Goldman Sachs Legal Bills Could Top $100 Million
And if history is any indication, by the time this is all over, the bills from the lawyers helping defend Goldman's storied Wall Street reputation and actions could soar to over $100 million.
In the last decade, accounting firms KPMG and Arthur Andersen each reportedly spent $50 million fighting federal charges. And given the stakes, the Goldman case could cost double that, especially if the charges move to the criminal realm.
Troy Eid, a former U.S. Attorney General for the state of Colorado, says that even before a company hires a law firm, the bills start piling up. A simple grand jury subpoena, done before any formal investigation gets underway, can cost $100,000 just to get documents ready, he says.
"That's just the tip of the iceberg," says Eid, who oversaw the prosecution of Qwest Communications Chairman and CEO Joe Nacchio in 2005. Nacchio was found guilty of 42 counts of insider trading.
Criminal Defense Costs Big Bucks
Once corporate cases progress to civil fraud, like what's happening now with Goldman Sachs, the legal fees go into overdrive. If a case goes the criminal route, you might as well turn on the spigot. In the Nacchio case, legal bills reportedly reached $70 million.

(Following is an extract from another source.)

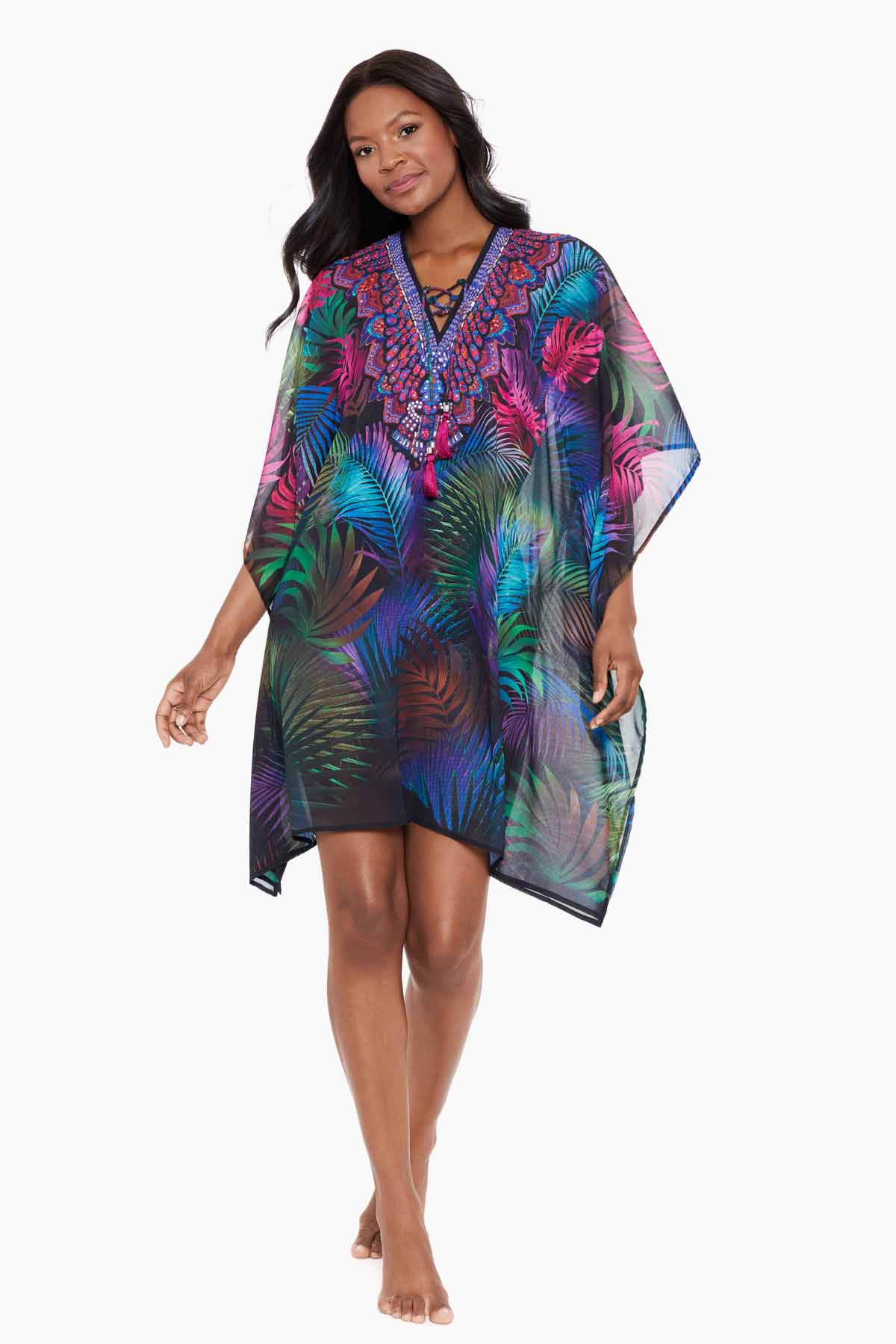 Caftan Cover Up in Pixel Palmas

"This is a tremendously big deal in terms of legal costs," says Eid, who is now in private practice with law firm Greenberg Traurig. "It affects investors, liability insurance, all of which hits the bottom line."
The SEC on April 16 filed a civil suit charging Goldman Sachs and an employee with fraud for allegedly misleading investors or failing to tell them facts that would have affected their financial decisions. The company and employee have denied any wrongdoing.
Corporate Attorneys Pay Reaches $1,000 an Hour
On Friday, the Justice Department confirmed that it has opened a criminal investigation over the deals surrounding Goldman's mortgage securities. The firm didn't comment for this article.
Executives for the Wall Street stalwart testified this week in front of a Senate investigative panel about their investments during the time the nation's housing market was collapsing.
Jon May couldn't help notice that during the testimony, each executive was represented by several attorneys. May, chairman of the White Collar Crime Section for The National Association of Criminal Defense Lawyers, conservatively estimates that each of the lawyers was making a minimum $550 an hour, but more likely closer to $1,000.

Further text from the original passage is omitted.